One such episode is currently underway, hogging headlines and prime air time. Udta Punjab, a crime thriller based on the narcotics problem faced by the northern Indian state of Punjab, has led to a face-off between its makers and the country’s film certification board headed by a much-reviled Pahlaj Nihalani.

While the controversy itself is still unfolding, with the movie’s release date hanging due to legal procedures, a section of industry veterans are out volubly defending the filmmakers’ right to, well, make films without being hounded for perceived breach of moral or social codes.

Yet, one tends to suspect the conviction of these vociferous voices. For, the industry has let many crucial “free speech moments” pass in the past. During episodes when right to free speech faced the gravest of threats, industry stalwarts have either maintained a stellar silence or even harangued those who sought to push the envelope.

For instance, film producer Ashok Pandit, a member of the Central Board of Film Certification (CBFC) himself, has lambasted the move to censor Udta Punjab.

Yet, when comedian Tanmay Bhat recently used a Snapchat video to rib two of India’s most iconic celebrities—legendary playback singer Lata Mangeshkar and iconic cricketer Sachin Tendulkar—he, along with a whole host of Bollywood celebrities, such as actors Riteish Deshmukh and Celina Jaitley, were heard denouncing the young comedian.

They did this exactly when Pandit and friends ought to have defended Bhat’s right to crack jokes—even crass ones. But holy cows are not to be trifled with, you see.

Indeed, there’s never been a dearth of holy cows in Bollywood; the kinds against whom nothing must be said—free speech be damned! In fact, these holy cows themselves have often displayed schizophrenic inconsistency vis a vis free speech.  

A Jan. 2015 event organised by comedy collective All India Bakchod (AIB), of which Tanmay Bhat is a member, went on to expose this.

One of the persons who self-righteously disapproved of AIB Roast—a radically new concept for India—was actor Aamir Khan. This ticket-based live event involved top Bollywood personalities like Ranveer Singh, Arjun Kapoor, and Karan Johar, cracking rude jokes and indulging in ribaldry.

Apparently, Aamir couldn’t stomach it and joined the morality brigade in scolding the roast participants.

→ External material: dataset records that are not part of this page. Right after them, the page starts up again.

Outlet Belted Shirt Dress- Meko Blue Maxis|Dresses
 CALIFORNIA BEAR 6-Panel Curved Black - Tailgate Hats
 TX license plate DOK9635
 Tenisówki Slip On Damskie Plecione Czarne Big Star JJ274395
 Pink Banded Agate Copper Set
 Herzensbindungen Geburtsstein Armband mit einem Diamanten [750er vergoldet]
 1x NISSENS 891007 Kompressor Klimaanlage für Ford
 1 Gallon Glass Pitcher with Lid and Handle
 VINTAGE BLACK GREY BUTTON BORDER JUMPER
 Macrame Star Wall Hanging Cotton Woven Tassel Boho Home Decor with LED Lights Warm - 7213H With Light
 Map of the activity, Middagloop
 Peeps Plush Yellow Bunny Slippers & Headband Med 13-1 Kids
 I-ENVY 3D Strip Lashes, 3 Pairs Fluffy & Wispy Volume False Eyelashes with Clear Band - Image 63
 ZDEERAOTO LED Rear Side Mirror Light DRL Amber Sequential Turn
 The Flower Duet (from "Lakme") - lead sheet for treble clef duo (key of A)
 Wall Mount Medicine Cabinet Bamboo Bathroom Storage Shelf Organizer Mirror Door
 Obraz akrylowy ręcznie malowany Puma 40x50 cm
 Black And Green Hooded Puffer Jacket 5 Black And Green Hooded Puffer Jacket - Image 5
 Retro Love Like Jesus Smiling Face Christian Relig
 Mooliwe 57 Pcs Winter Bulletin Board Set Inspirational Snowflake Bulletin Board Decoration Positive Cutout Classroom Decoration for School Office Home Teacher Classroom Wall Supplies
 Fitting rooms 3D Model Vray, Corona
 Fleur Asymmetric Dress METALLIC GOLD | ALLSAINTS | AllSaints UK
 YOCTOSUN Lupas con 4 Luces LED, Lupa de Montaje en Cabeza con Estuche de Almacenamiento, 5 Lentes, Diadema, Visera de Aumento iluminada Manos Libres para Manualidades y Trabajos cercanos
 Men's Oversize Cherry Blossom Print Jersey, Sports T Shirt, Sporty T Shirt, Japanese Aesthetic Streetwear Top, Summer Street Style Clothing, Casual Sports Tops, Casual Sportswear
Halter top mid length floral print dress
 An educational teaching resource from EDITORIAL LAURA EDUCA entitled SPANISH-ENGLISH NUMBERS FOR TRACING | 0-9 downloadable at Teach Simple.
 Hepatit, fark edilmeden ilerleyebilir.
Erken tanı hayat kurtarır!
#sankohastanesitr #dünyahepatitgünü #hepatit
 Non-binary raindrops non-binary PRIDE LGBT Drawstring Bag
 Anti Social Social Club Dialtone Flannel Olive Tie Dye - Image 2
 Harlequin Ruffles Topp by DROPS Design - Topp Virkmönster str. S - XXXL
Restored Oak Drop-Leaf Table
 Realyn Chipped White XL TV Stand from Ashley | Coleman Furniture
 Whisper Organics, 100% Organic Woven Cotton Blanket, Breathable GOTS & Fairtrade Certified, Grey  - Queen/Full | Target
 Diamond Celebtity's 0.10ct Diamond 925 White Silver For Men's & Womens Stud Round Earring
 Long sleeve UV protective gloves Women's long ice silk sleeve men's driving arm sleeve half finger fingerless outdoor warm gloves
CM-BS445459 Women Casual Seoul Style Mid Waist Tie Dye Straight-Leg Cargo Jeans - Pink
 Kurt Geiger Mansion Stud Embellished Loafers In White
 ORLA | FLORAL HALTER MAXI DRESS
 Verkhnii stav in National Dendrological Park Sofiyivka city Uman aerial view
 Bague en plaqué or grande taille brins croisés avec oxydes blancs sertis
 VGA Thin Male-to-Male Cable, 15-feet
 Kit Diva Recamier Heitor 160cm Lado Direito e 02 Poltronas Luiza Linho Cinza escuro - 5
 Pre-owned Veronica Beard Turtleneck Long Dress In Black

Yet, in the past few days, Aamir has come out in support of Udta Punjab.

Apparently, each Bollywood celebrity has his or own yardstick for free speech. And two factors determine them: one’s own livelihood and the forces assembled in the opposition.

A few years ago, it was Aamir, along with director Rajkumar Hirani and producer Vidhu Vinod Chopra, who was fighting the good fight. His movie PK was under attack by rightwing Hindutva fanatics for allegedly ridiculing Hinduism.

When approached for its stand then, most of Bollywood preferred to stay mute. After appearing on a television panel discussion on the issue in the wake of the PK controversy in 2014, columnist Shobhaa De wrote:

I asked why the channel had not invited someone more “tagda” (stronger) to represent Bollywood… The reply didn’t surprise me—nobody of any importance from the movie industry wanted to speak up—for the principle, not an individual.

This was, perhaps, because PK was lined up against a far bigger socio-political force than a few officials out to prove their loyalty to the powers that be.

Earlier, a movie starring another of Bollywood’s famed Khans faced the backlash for his comments in connection with the Indian Premier League. Multiplexes screening Shah Rukh Khan-starrer My Name Is Khan were targeted by the Shiv Sena when the movie released in 2010.

Guess what other big stars and filmmakers had to say on the issue at that time? Almost nothing. Between valour and discretion, they had chosen their fruit. After all, Shiv Sena derives its primary muscle power from Mumbai, the city that is also Bollywood’s home.

This, exactly when Bollywood ought to have taken on such thuggery.

So here’s an industry whose very life source is free speech, but refuses to stand by it through thick and thin. And then it rues the fact that India’s film certification process is headed by someone like Nihalani.

For its spinelessness and opportunism, did Bollywood expect Roman Polanski at the helm at CBFC?